**ASSIGNED TASK**
Your task is to copy the lines of the data below from the line holding "Miss Denise Repco, how" through the line holding "Ty Campbell with", inclusive, exactly and with nothing added.

**PROVIDED INFORMATION**
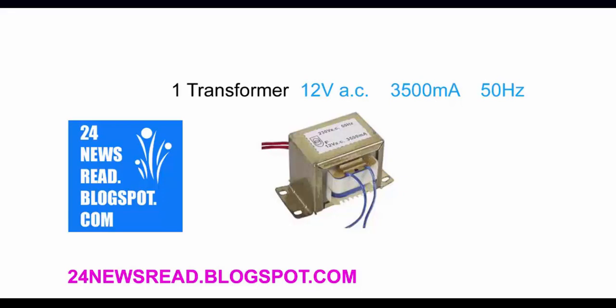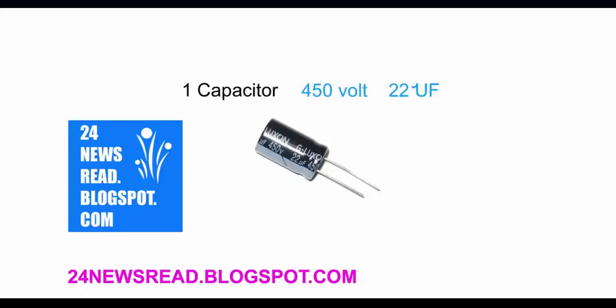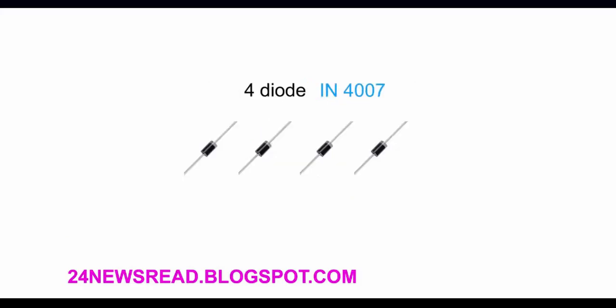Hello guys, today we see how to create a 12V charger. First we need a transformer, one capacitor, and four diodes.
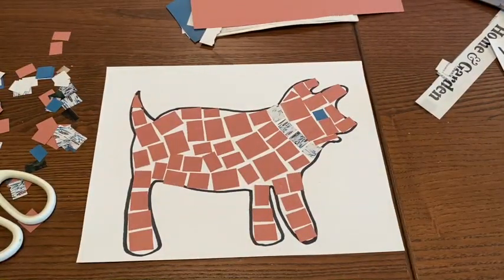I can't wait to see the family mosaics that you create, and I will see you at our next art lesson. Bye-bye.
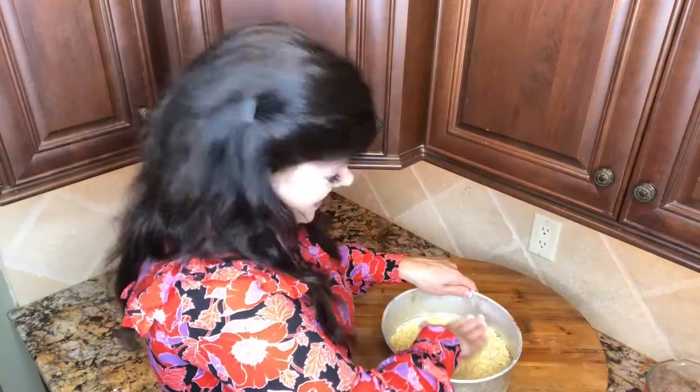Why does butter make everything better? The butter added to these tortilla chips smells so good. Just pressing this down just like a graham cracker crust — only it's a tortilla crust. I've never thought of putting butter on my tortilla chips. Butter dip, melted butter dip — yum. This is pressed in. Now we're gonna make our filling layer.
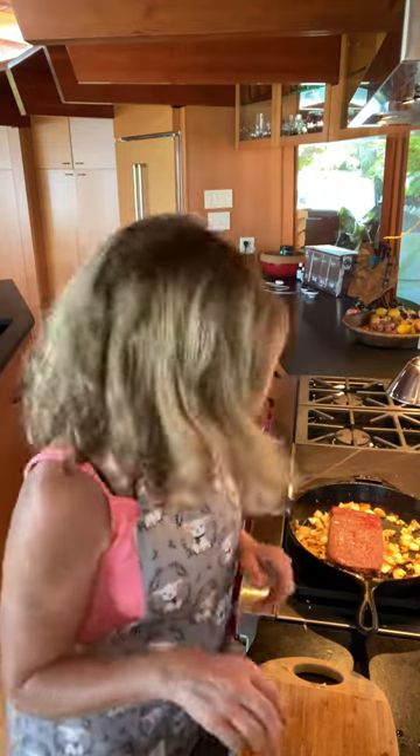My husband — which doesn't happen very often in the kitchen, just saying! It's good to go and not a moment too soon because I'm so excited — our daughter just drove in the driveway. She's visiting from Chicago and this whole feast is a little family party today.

==

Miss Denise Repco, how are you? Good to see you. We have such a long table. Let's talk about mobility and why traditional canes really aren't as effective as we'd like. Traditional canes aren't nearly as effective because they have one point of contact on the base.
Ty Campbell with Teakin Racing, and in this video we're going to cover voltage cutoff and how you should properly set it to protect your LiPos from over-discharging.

**SOLUTION FOR THIS EXERCISE**
Miss Denise Repco, how are you? Good to see you. We have such a long table. Let's talk about mobility and why traditional canes really aren't as effective as we'd like. Traditional canes aren't nearly as effective because they have one point of contact on the base.
Ty Campbell with Teakin Racing, and in this video we're going to cover voltage cutoff and how you should properly set it to protect your LiPos from over-discharging.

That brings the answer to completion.